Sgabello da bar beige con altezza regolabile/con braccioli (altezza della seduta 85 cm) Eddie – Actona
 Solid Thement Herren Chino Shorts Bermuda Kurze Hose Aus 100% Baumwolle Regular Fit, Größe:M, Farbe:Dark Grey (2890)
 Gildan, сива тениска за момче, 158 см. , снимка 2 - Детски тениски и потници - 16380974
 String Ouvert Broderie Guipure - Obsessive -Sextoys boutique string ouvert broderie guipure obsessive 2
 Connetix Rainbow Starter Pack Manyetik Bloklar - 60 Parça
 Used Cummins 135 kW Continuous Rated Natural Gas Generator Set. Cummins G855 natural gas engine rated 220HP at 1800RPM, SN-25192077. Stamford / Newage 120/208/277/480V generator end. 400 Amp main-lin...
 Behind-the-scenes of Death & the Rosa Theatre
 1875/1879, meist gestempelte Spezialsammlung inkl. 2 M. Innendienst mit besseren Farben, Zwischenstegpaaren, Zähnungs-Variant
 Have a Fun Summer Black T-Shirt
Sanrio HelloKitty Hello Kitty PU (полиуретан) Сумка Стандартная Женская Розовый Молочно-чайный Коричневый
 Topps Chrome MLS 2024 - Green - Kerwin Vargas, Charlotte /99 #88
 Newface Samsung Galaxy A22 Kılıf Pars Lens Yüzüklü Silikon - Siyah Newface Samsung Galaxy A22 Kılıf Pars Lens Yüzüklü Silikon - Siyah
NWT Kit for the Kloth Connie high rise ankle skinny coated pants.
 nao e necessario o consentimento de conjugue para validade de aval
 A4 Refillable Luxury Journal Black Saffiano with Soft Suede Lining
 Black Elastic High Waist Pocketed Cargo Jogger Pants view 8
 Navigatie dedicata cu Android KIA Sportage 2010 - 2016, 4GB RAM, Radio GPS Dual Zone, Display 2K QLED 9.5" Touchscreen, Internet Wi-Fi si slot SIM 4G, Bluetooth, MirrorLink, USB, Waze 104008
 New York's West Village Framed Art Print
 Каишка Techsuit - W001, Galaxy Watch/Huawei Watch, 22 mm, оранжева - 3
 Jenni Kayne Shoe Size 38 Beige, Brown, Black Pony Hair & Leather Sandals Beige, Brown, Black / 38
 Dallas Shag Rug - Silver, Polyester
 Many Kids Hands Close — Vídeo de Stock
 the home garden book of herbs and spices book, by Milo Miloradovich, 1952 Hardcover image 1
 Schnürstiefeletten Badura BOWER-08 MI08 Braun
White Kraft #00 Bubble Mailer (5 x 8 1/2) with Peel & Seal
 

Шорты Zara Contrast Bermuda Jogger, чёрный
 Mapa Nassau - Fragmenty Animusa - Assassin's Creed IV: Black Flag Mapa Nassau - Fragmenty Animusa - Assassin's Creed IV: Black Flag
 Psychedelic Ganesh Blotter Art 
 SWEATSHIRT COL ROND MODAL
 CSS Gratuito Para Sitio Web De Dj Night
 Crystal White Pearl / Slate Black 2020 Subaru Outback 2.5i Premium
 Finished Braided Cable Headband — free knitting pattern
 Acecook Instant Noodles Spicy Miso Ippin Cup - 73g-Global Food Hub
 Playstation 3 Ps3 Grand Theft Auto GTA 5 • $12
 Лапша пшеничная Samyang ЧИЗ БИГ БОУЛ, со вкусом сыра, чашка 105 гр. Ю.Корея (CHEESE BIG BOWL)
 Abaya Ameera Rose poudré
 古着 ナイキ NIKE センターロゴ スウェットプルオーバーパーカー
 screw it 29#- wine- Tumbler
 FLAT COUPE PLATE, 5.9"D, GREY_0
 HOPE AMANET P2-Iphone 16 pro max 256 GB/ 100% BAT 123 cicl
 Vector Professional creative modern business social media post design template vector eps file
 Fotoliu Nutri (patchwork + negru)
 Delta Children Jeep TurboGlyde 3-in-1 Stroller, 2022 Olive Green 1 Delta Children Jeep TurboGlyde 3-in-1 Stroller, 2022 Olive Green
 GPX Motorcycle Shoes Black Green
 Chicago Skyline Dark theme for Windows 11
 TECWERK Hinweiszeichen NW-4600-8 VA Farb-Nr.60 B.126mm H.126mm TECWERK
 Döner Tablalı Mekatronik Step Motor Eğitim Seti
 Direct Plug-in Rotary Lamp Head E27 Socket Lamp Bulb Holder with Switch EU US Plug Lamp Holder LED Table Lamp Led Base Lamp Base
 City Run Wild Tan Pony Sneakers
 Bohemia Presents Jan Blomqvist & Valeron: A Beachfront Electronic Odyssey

> [What to produce] The range begins at the line containing "Vector Professional creative" and ends at the last line of the entries; reproduce it exactly.

> [Reply]
 Vector Professional creative modern business social media post design template vector eps file
 Fotoliu Nutri (patchwork + negru)
 Delta Children Jeep TurboGlyde 3-in-1 Stroller, 2022 Olive Green 1 Delta Children Jeep TurboGlyde 3-in-1 Stroller, 2022 Olive Green
 GPX Motorcycle Shoes Black Green
 Chicago Skyline Dark theme for Windows 11
 TECWERK Hinweiszeichen NW-4600-8 VA Farb-Nr.60 B.126mm H.126mm TECWERK
 Döner Tablalı Mekatronik Step Motor Eğitim Seti
 Direct Plug-in Rotary Lamp Head E27 Socket Lamp Bulb Holder with Switch EU US Plug Lamp Holder LED Table Lamp Led Base Lamp Base
 City Run Wild Tan Pony Sneakers
 Bohemia Presents Jan Blomqvist & Valeron: A Beachfront Electronic Odyssey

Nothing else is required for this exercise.